Personal information
- Full name: Stuart Mark Milburn
- Born: 29 September 1972 (age 53) Harrogate, Yorkshire, England
- Batting: Right-handed
- Bowling: Right-arm fast-medium

Domestic team information
- 1992–1995: Yorkshire
- 1996–1997: Hampshire

Career statistics
| Competition | First-class | List A |
| Matches | 27 | 19 |
| Runs scored | 292 | 54 |
| Batting average | 13.27 | 7.71 |
| 100s/50s | –/1 | –/– |
| Top score | 54* | 27 |
| Balls bowled | 4,369 | 827 |
| Wickets | 53 | 15 |
| Bowling average | 47.11 | 44.73 |
| 5 wickets in innings | – | – |
| 10 wickets in match | – | – |
| Best bowling | 4/38 | 2/7 |
| Catches/stumpings | 1/– | 4/– |
- Source: Cricinfo, 19 August 2023

= Stuart Milburn =

English cricketer

Stuart Mark Milburn (born 29 September 1972) is a former English first-class cricketer.

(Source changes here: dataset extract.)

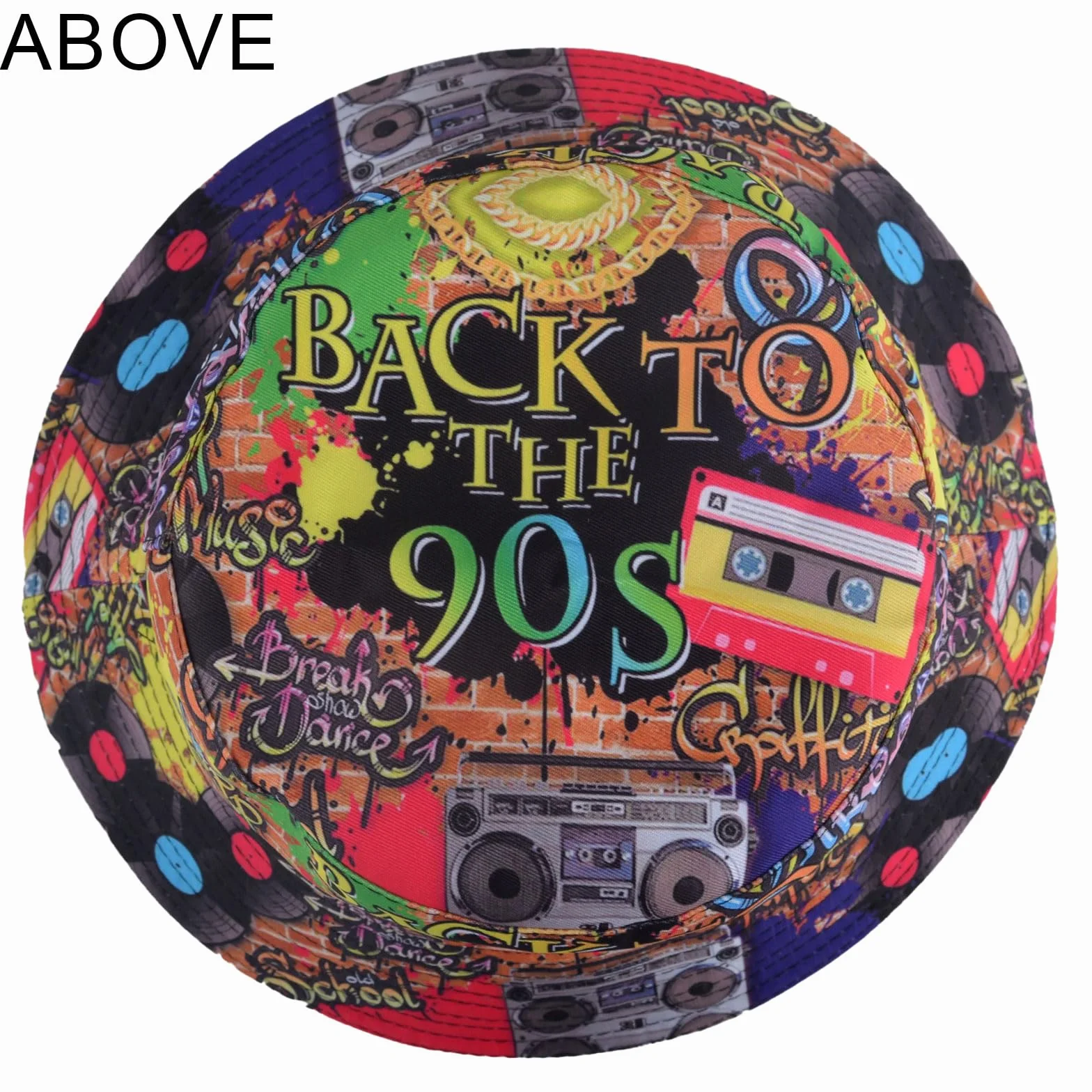 SSKHE Dwustronny kapelusz typu bucket z lat 90., graffiti, styl artystyczny, dwustronny zabawny kapelusz typu bucket hat, hip-hop, rockowy, styl uliczny unisex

Milburn was born at Harrogate in September 1972. He made his debut in first-class cricket for Yorkshire against Worcestershire at Worcester in the 1992 County Championship. He featured infrequently in the Yorkshire side until 1995, making six first-class appearances. Playing as a right-arm fast-medium bowler, he took 14 wickets at an average of 30.78, with best figures of 4 for 68. In his final season at Yorkshire, he also made four appearances in List A one-day cricket in the Axa Equity & Law League. He was released by Yorkshire at the end of the 1995 season, alongside teammates Paul Grayson and Simon Kellett.

Milburn joined Hampshire ahead of the 1996 season. He made his debut for Hampshire in a one-day match against Ireland in the 1996 Benson & Hedges Cup, with his first-class debut for the county coming against Oxford University in the same season. He played for Hampshire for two seasons, making 21 first-class and 15 one-day appearances. In first-class cricket, he took 39 wickets for Hampshire at an average of 52.97, with best figures of 4 for 38. As a lower order batsman, he recorded his only half century when he made an unbeaten 54 against the touring Indians at Southampton in 1996. In one-day cricket, he took 13 wickets for Hampshire at an average of 42.53, with best figures of 2 for 7. Having spent part of the 1997 season injured, he was released by Hampshire at the end of that season. Following his release, Milburn returned to the North of England, where he played club cricket in the Nidderdale Cricket League.